BigQueryにエクスポートし、活用できる環境が整っている
Google Analytics 4では、無料版であってもBigQueryに計測データをエクスポートすることができます。このエクスポートされたデータを、SQLを使って任意の条件で取り出し、そしてダッシュボードやその他様々な場面で活用できるような環境が整っているのであれば、Google Analytics 4の導入を検討しても良いでしょう。
自社のCRMデータをBigQueryで管理することができている場合、Google Analytics 4の計測データも同じBigQueryに入ることで、それらを統合した分析ができ、今までにない価値を創出することができるでしょう。

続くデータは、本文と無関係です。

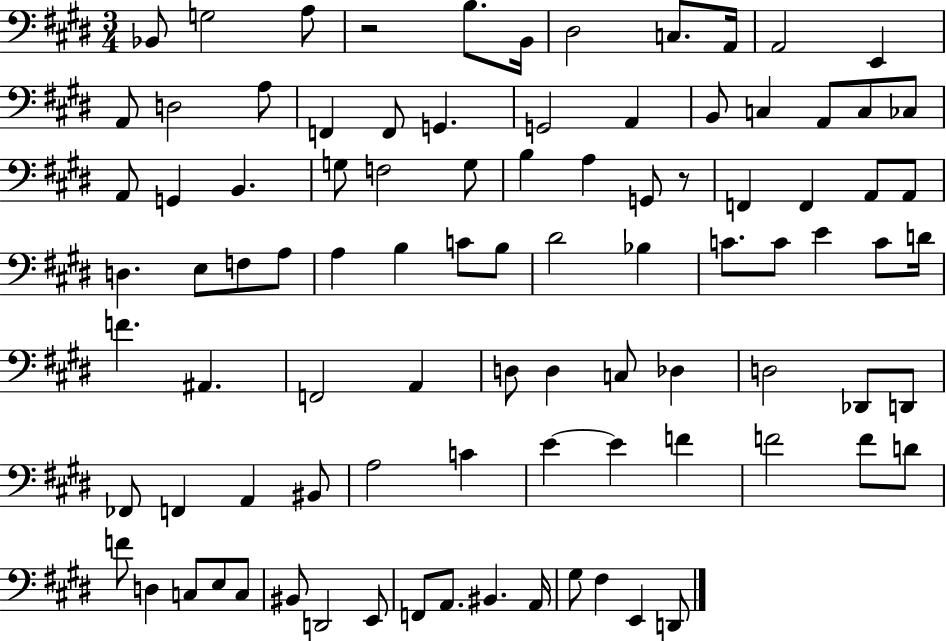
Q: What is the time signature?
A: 3/4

Google Analytics 4の新機能を利用したい
Google Analytics 4には、BigQueryエクスポート意外にも既に新しい機能が発表されています。一番大きいのは、
- 過去28日間にサイトに訪問したユーザーが、今後7日間にコンバージョンする確率を予測する「Purchase Probability(購入確率)」
- 過去7日間にサイトに訪問したユーザーが、今後7日間で「離脱する確率(Churn Probability)」
の2つです。これらの確率を元に、Google Analytics 4でオーディエンスを作成し、そのオーディエンスを元にGoogle広告でアプローチすることができるようになります。
代理店やコンサルタントとしてGAに関わっている
自身のビジネスを拡大するためではなく、代理店やコンサルタントという立場でGoogleアナリティクスを扱っている方々は、今後のGoogleアナリティクスの動きを把握することや、新バージョンが世の中に浸透してきた時に困らないように、今のタイミングから自社サイトやテストサイトなどでGoogle Analytics 4の導入を進める必要があるでしょう。
結論は?
結論としては、「現時点でGoogle Analytics 4に移行すべき?」で書いたようなメリットを享受できるのであれば、今までのGoogleアナリティクスの計測を行ったまま、新しいプロパティを作成してGoogle Analytics 4を追加実装する ことを検討してみても良いと思います。
もし、上記のメリットを享受できない、と考えているのであれば、現時点で無理にGoogle Analytics 4を導入する必要性はないと言えるでしょう。